BEGIN
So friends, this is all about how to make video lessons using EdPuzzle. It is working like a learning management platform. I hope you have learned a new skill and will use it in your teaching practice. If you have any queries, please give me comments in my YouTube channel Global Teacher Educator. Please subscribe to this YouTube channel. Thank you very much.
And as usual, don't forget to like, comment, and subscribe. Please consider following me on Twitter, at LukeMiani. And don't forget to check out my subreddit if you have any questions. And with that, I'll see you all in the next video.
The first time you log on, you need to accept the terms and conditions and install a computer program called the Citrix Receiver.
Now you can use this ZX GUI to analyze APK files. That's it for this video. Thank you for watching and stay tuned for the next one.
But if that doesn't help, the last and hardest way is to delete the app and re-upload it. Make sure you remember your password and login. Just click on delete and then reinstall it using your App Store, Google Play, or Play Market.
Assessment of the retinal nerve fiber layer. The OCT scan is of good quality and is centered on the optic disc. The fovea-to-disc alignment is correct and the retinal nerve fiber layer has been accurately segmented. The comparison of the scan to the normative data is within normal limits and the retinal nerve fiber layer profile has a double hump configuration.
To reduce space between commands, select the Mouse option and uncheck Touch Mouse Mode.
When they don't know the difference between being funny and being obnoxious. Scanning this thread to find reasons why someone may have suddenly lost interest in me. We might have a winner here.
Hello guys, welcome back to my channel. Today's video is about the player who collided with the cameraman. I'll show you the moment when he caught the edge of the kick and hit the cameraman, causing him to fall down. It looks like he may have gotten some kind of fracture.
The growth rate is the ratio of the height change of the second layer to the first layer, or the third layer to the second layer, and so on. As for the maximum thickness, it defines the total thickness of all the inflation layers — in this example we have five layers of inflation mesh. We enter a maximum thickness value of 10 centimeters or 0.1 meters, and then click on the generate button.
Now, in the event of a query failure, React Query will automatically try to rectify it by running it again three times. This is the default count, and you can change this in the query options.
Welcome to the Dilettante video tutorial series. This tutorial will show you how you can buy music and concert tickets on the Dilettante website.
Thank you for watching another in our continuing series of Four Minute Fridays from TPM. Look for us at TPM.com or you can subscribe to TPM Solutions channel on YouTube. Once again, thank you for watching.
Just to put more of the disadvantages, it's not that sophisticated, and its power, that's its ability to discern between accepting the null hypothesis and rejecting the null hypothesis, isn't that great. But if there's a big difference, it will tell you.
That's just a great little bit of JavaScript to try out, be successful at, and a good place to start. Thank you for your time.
END
Assigned task: Look above and repeat, character for character, the lines from the first one to the line with "Hello guys, welcome", counting both.

Task response:
So friends, this is all about how to make video lessons using EdPuzzle. It is working like a learning management platform. I hope you have learned a new skill and will use it in your teaching practice. If you have any queries, please give me comments in my YouTube channel Global Teacher Educator. Please subscribe to this YouTube channel. Thank you very much.
And as usual, don't forget to like, comment, and subscribe. Please consider following me on Twitter, at LukeMiani. And don't forget to check out my subreddit if you have any questions. And with that, I'll see you all in the next video.
The first time you log on, you need to accept the terms and conditions and install a computer program called the Citrix Receiver.
Now you can use this ZX GUI to analyze APK files. That's it for this video. Thank you for watching and stay tuned for the next one.
But if that doesn't help, the last and hardest way is to delete the app and re-upload it. Make sure you remember your password and login. Just click on delete and then reinstall it using your App Store, Google Play, or Play Market.
Assessment of the retinal nerve fiber layer. The OCT scan is of good quality and is centered on the optic disc. The fovea-to-disc alignment is correct and the retinal nerve fiber layer has been accurately segmented. The comparison of the scan to the normative data is within normal limits and the retinal nerve fiber layer profile has a double hump configuration.
To reduce space between commands, select the Mouse option and uncheck Touch Mouse Mode.
When they don't know the difference between being funny and being obnoxious. Scanning this thread to find reasons why someone may have suddenly lost interest in me. We might have a winner here.
Hello guys, welcome back to my channel. Today's video is about the player who collided with the cameraman. I'll show you the moment when he caught the edge of the kick and hit the cameraman, causing him to fall down. It looks like he may have gotten some kind of fracture.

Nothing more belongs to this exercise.